How big is our Performing Arts Center loading dock? Big enough for three tractor-trailers or one chorus...

Our regular rehearsal hall at the Center was preempted by the dancers, so we set up shop on the loading dock, which is enclosed and climate-controlled. One wonders what passers-by may have thought as we did our warm-ups!

Then to the stage. I am in the front row for this concert, and there is about a 2 foot drop off from the front of the chorus riser to the stage. The orchestra is in the pit; we can't see them at all. We'll be behind a scrim to start. The dancers are only about 5 feet from me; I can feel the breeze as they pass by. Our Mefistofele, Mark Schnaible, does a superb interpretation.

This is shaping up to be one of the coolest and most memorable productions of I've been part.


----------



## Lunasong (Mar 15, 2011)

_We're neither pure nor wise nor good
We'll do the best we know
We'll build our house and chop our wood
And make our garden grow._
Candide - Make Our Garden Grow

Dress rehearsal tonight. The above was selected for the closer as the "theme" for our season.









Isn't this cute? This is the front cover illustration of our city arts weekly.

The article:

Dayton Performing Arts Alliance presents Season Opening Spectacular

The Dayton Performing Arts Alliance (DPAA) is a unique merger of Dayton Ballet, Dayton Opera and the Dayton Philharmonic Orchestra. The legend surrounding the creation began when DPO Artistic Director Neal Gittleman asked the question, "I wonder if there is a different model?" By operating as a three-in-one model, the alliance creates additional opportunities for work with local talented artists. In 2012, Dick DeLon, Dayton Philharmonic Board Chair commented, "The merger of the Ballet, Opera, and Philharmonic represents some of our best collaborative thinking as a community. We are planning for future success by creating a single management structure and business operating unit, while preserving and promoting the integrity and identity of each of the participating art groups."
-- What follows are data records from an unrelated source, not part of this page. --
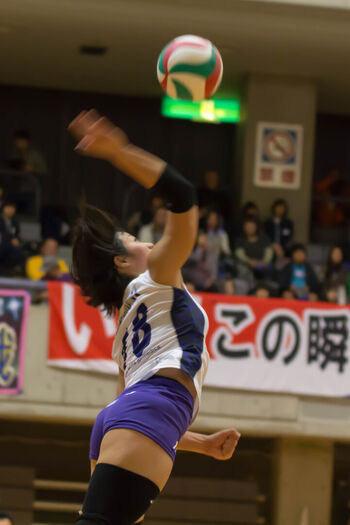 Shiho Yoshimura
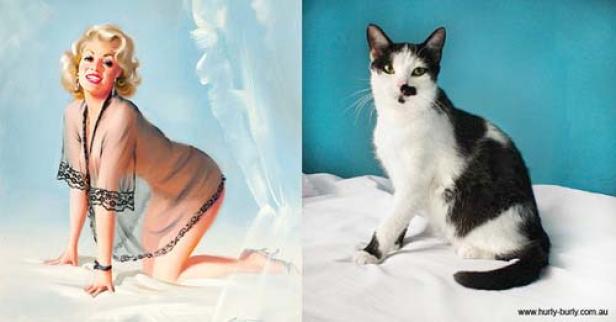 Ein zweiteiliges Bild zeigt ein Pin-up-Gemälde und eine schwarz-weiße Katze.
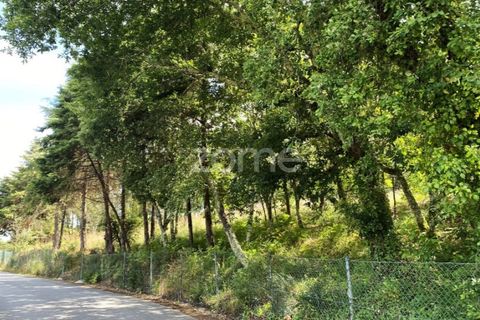 Helårsgrund i Esposende, Braga, Esposende - € 428.000 | Ref: ZMPT590215 - foto 12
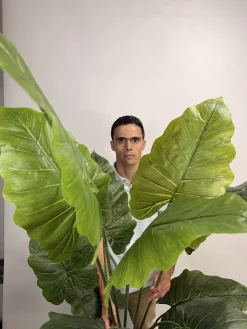 خرید درختچه بابا آدم مصنوعی 1.8 متری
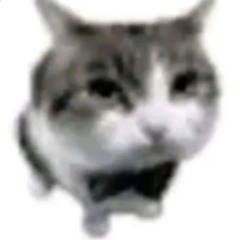 Dripfor1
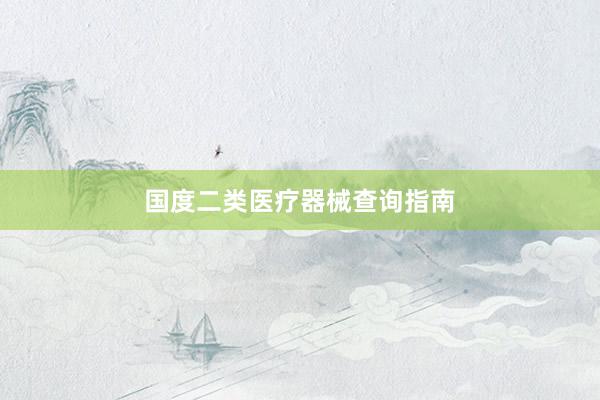 国度二类医疗器械查询指南
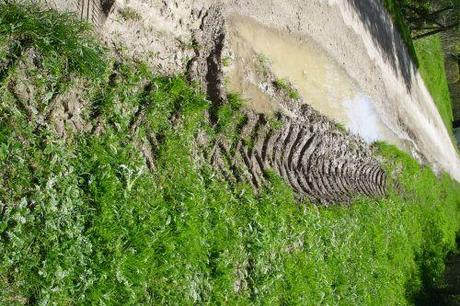 3 26 avril 2008 004.jpg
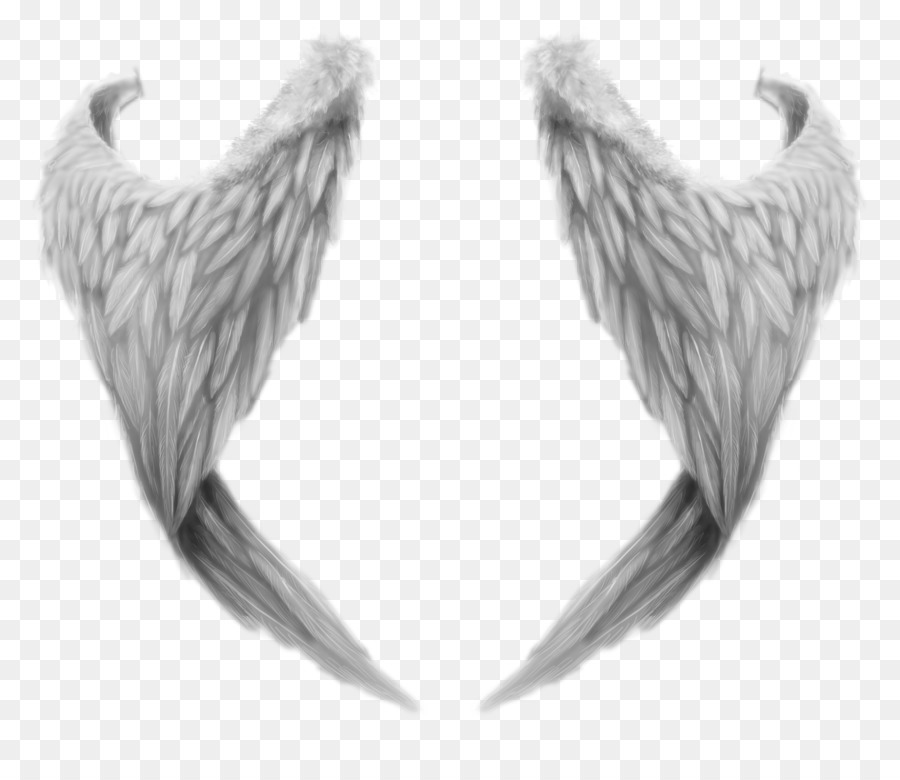 Ailes D'ange，Plumes PNG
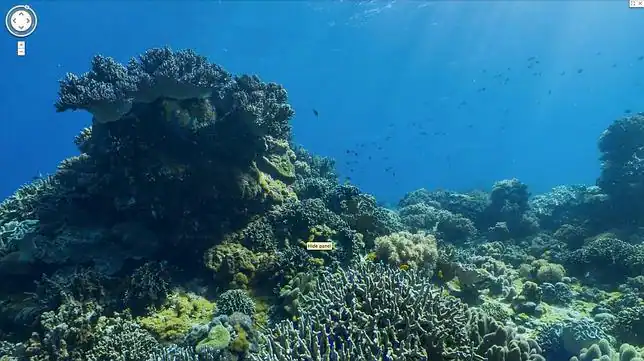 apo-islands--644x362.jpg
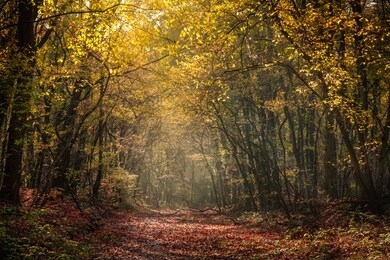 autumn forest road leaves view. autumn leaves ground. autumn forest road landscape. autumn leaves road view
DPAA President and CEO Paul Helfrich explained that the organization provides a "unique opportunity to cross-pollinate."
Dayton Philharmonic Orchestra (DPO) Artistic Director Neal Gittleman added, "A ticket sold for a Ballet performance, for example, is not a loss for the Philharmonic - it's a gain for everyone."

With 2012-2013 having served as the inaugural season for the Dayton Performing Arts Alliance, the year has proved to be not only a huge success, but also an exciting look into the future. The merger occurred on July 1, 2012. Gittleman recounted, "The season was, if I do say so myself, a smashing success *- great performances, great ticket sales, great audience response and we met or beat all of our financial projections for the year. The 2013-2014 season that kicks off in September still has an inaugural feel though, since it's the first season that we planned all together from the jump. This is when folks in the audience will begin to get a real feel for what's possible when there's full coordination between the three art forms. And there's lots of exciting stuff in store!"
Opera Artistic Director Tom Bankston added, "In some ways we have exceeded our own expectations in making the transition to a merged organization. We have begun to realize and plan for the artistic collaborative possibilities which are certainly a core reason for our merger. The work in that first year of getting our feet on the ground is being realized in this season's 'Signature Events' starting with our Season Opening Spectacular. I truly believe that the formation of the alliance has strengthened the arts and will help to secure the sustainability of the ballet, Opera and Philharmonic for our community for many years to come. The net effect is the strengthening of each art form and the ability to draw on our full resources."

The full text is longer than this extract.